Zespół z Warmii nie zachwycił w rozegranym w weekend gdańskim turnieju. Przegrał oba mecze, nawet z byłym zespołem Wojciecha Winnika, pierwszoligowym Treflem. - To były nasze pierwsze sety, spotkania w takim zestawieniu, gdyż wszyscy spotkaliśmy się dopiero kilka dni temu - tłumaczy swój zespół atakujący Akademików w rozmowie z portalem Plusliga.pl. - Tak to musiało wyglądać po prostu. Dopiero teraz zaczynamy prawdziwe przygotowania. Forma ma przyjść za 1,5 miesiąca, dlatego teraz znajdujemy się na etapie budowy siły, jesteśmy w treningu wytrzymałościowym.
Winnik ujawnia, że na nowy sezon przed olsztyńskim zespołem został postawiony cel zajęcia co najmniej miejsca o oczko wyżej niż przed rokiem, czyli szóstego. Przed nim samym zaś stoi cel równie konkretny. Po ostrej - i przeważnie wygranej - rywalizacji z Tomaszem Józefackim o wyjściowy skład, w tym sezonie czeka go walka z Marcelem Gromadowskim. Być może nawet trudniejsza.
- Trener chciał mieć po prostu w swojej drużynie mocnych zawodników, trudno mu się dziwić - opowiada Winnik. - Sprowadzał zawodników jakich uważał za wartościowych dla powstającego zespołu. Ja jestem jego częścią. Na pewno nie składam broni.
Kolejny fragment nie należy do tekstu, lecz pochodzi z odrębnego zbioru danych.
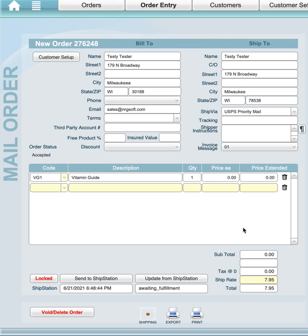Instead of having a button like we would use with NRG to ship, we have a button on here that sends it to ShipStation. When we click that, it's going to create the order record in ShipStation.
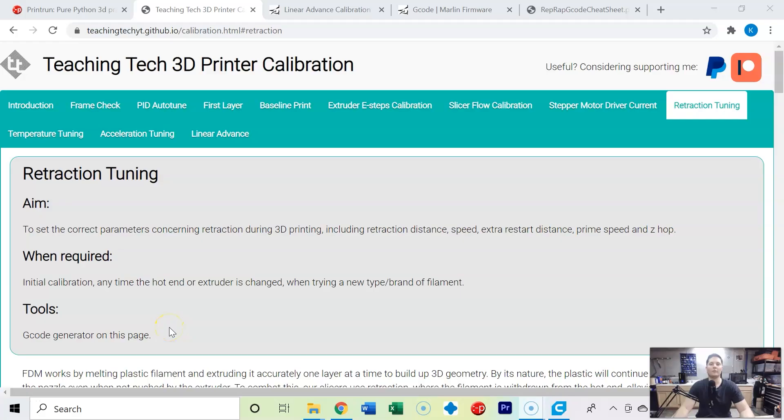Welcome to part 7 of calibrating your 3D printer. We are back on the Teaching Tech website and we have gone through and done the frame check, PID auto tune, the first layer, our baseline print, our e-step calibration, our slicer flow rate calibration.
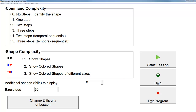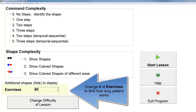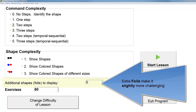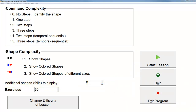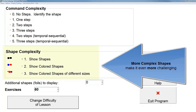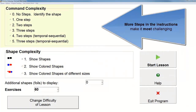The first screen you'll see is the lesson selection screen where you can set the difficulty. You can set the number of exercises to determine how long the patient works on the lesson — more is harder. You can add additional foil shapes to make the lesson slightly more difficult. You can also make it even more difficult by increasing the complexity of the shapes: colors and sizes. And to make it the most difficult, we add steps to the instructions.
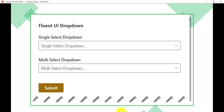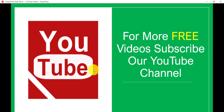This is how we can work with the Fluent UI dropdown control in an SPFx client-side web part. If you want similar videos, subscribe to our YouTube channel — you'll get free videos on Office 365, SharePoint Online, SPFx, Power Platform, and more. Thank you and have a nice day.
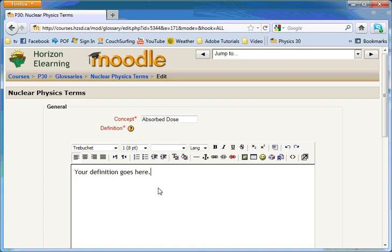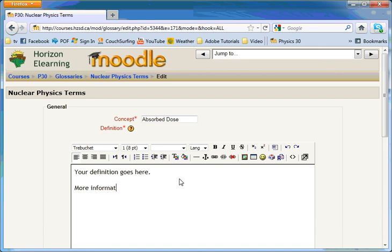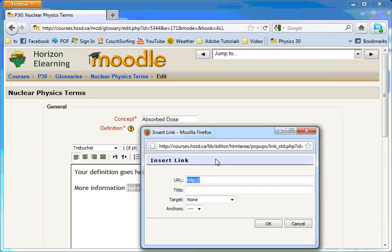If you want to add a link to an outside source, type in the words you want to link. Highlight the words and click the little chain link button. Type in the URL including http colon slash slash.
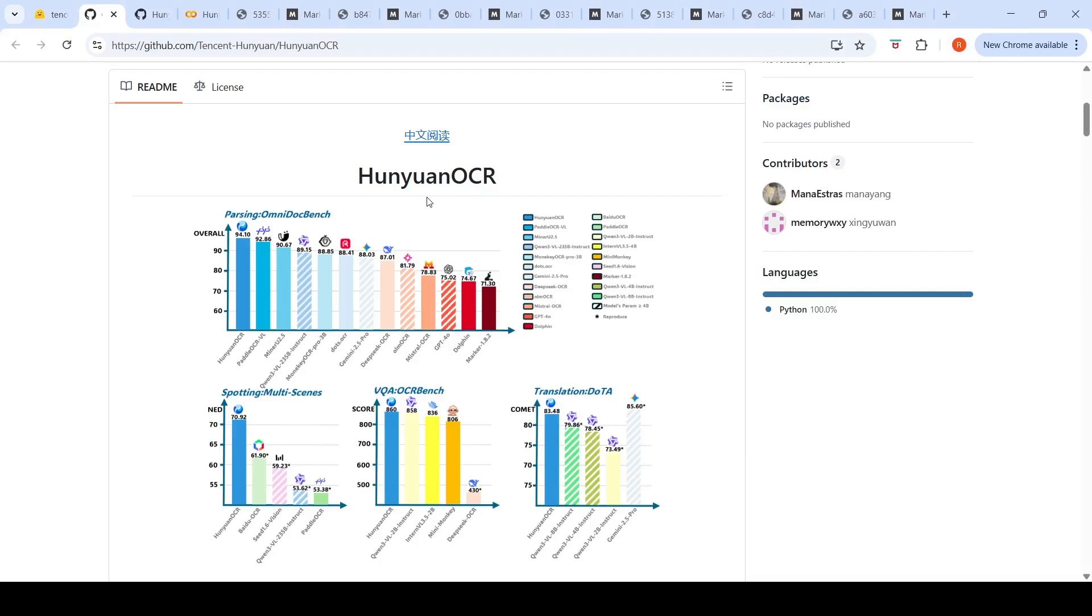There's a new OCR, HunYuan OCR from Tencent HunYuan, and this OCR claims to have the highest performance on the OmniDoc Bench benchmark for parsing documents.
Będę starał się przekonać trenera w tym sezonie, że to ja powinienem wyjść w "szóstce" na mecz, ale jak nie stanie się to w tym sezonie to może uda mi się przekonać Mariusza w kolejnym. - mówi z nadzieją atakujący Indykpolu AZS-u, zapewniając jednocześnie, że broni nie zamierza składać aż do końca.